I think something much simpler than this might work outside of the C API, where we can essentially change how it works when we start designing how multiple threads will actually work within an LLVMContext. Would that work? Is there a way to make progress more rapidly there?

Ultimately, this is opening a huge can of worms if we put it into the C API, as I think it is going to fundamentally impact what options we actually have for parallelizing parts of LLVM in the future. If we want to go there, we need be incredibly explicit about what assumptions are being made here.

So, I’m bringing a discussion that has thus far been on llvm-commits to llvmdev because I finally (and thanks for helping me understand this Andy) understand what is really going on, and I think lots of others need to be aware of this and involved to figure out the right path forward.

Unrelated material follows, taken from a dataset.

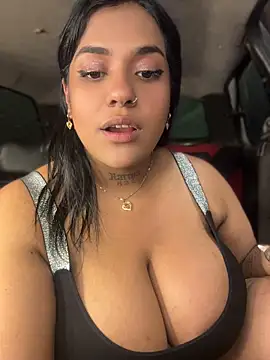 Nahomy-firee live XXX chat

You can find the full review thread and more context under the subject “[PATCH][PM] Add pass run listeners to the pass manager.”, but here is the important bit from Juergen’s initial email:

this patch provides the necessary C/C++ APIs and infastructure to enable fine-
grain progress report and safe suspension points after each pass in the pass
manager.

Clients can provide a callback function to the pass manager to call after each
pass. This can be used in a variety of ways (progress report, dumping of IR
between passes, safe suspension of threads, etc).

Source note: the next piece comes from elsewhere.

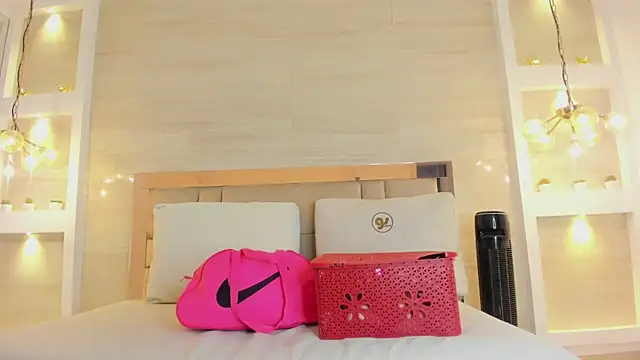 chloe_murray 即時 XXX 聊天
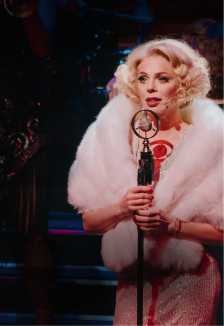 В джазе только девушки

I had wrongly (perhaps because of the implementation, but still, wrongly) focused on the progress report and IR dumping use cases. It sounds (from talking to Andy offline, sorry for that confusion) like the real use case is safe suspension of threads. The idea is that we would have a callback from the pass manager into the LLVMContext which would be used to recognize safe points at which the entire LLVMContext could be suspended, and to expose these callbacks through C API to JIT users.

Good. Let’s table the discussion of how to report passes and just focus on the thread suspension API. It never occurred to me that a client using the new API for thread scheduling would not already be making an assumption about one thread per context. I believe anything else will break these clients regardless of the API. So I didn’t see this API as imposing a new restriction. The more explicit we can be about this, the better.

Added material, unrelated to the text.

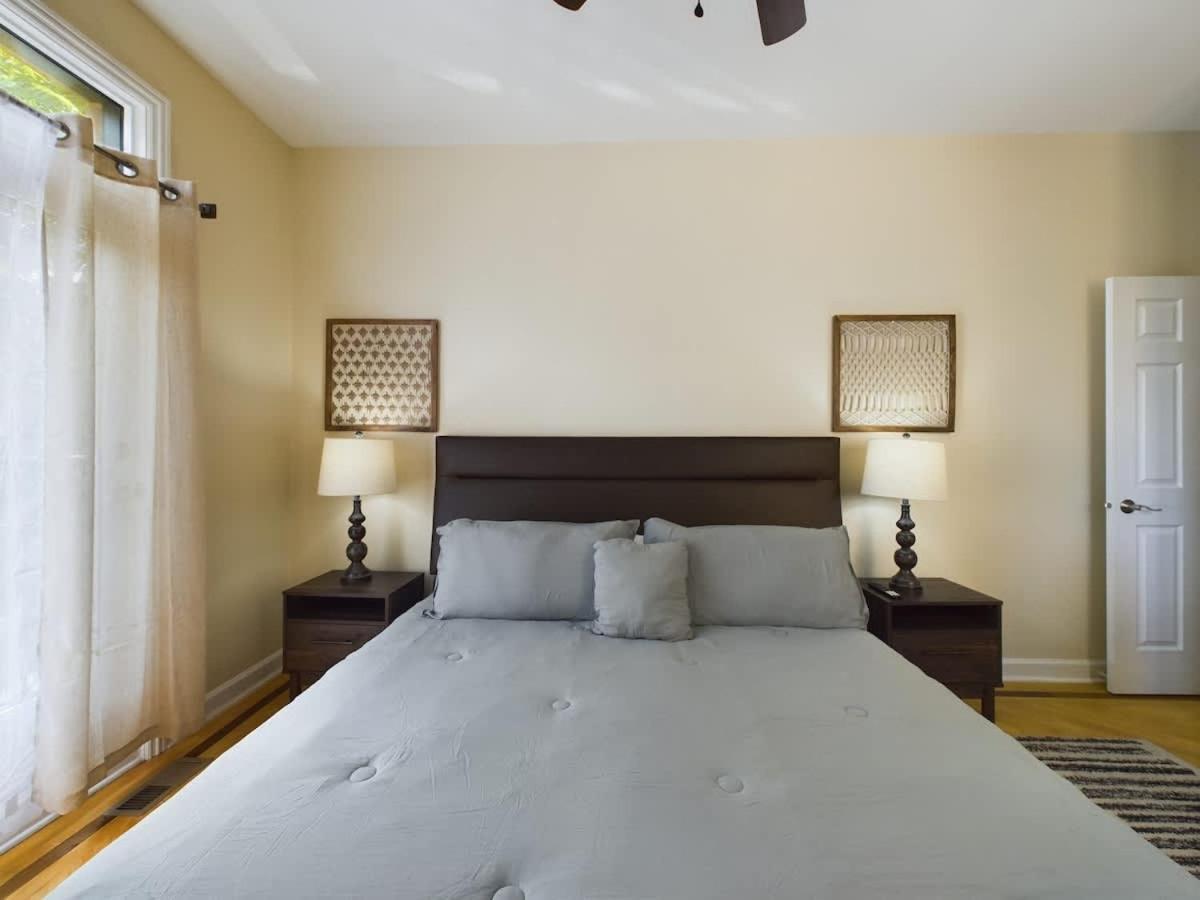 Luxe 4br With Hot Tub & Game Holiday home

Increasingly, I can’t fathom a way to get a good design for safe suspension of JIT-ing threads using callbacks tied to when passes run today. I think it is a huge mistake to bake this into the C API at this point. If you need this functionality in the C API, with a design we can use going forward, I’d like to see a really careful write up of exactly what the suspension point requirements are and a design for achieving them. I think it should be completely independent from any infrastructure for reporting or dumping IR in pass managers.

Yes, there absolutely needs to be a way to expose functionality within LLVM in its current form through the C API. We can say that the API works under some explicit set of rules. If some future LLVM can be configured in a way that breaks the rules, you don’t get the callback in that case.

I think something much simpler than this might work outside of the C API, where we can essentially change how it works when we start designing how multiple threads will actually work within an LLVMContext. Would that work? Is there a way to make progress more rapidly there?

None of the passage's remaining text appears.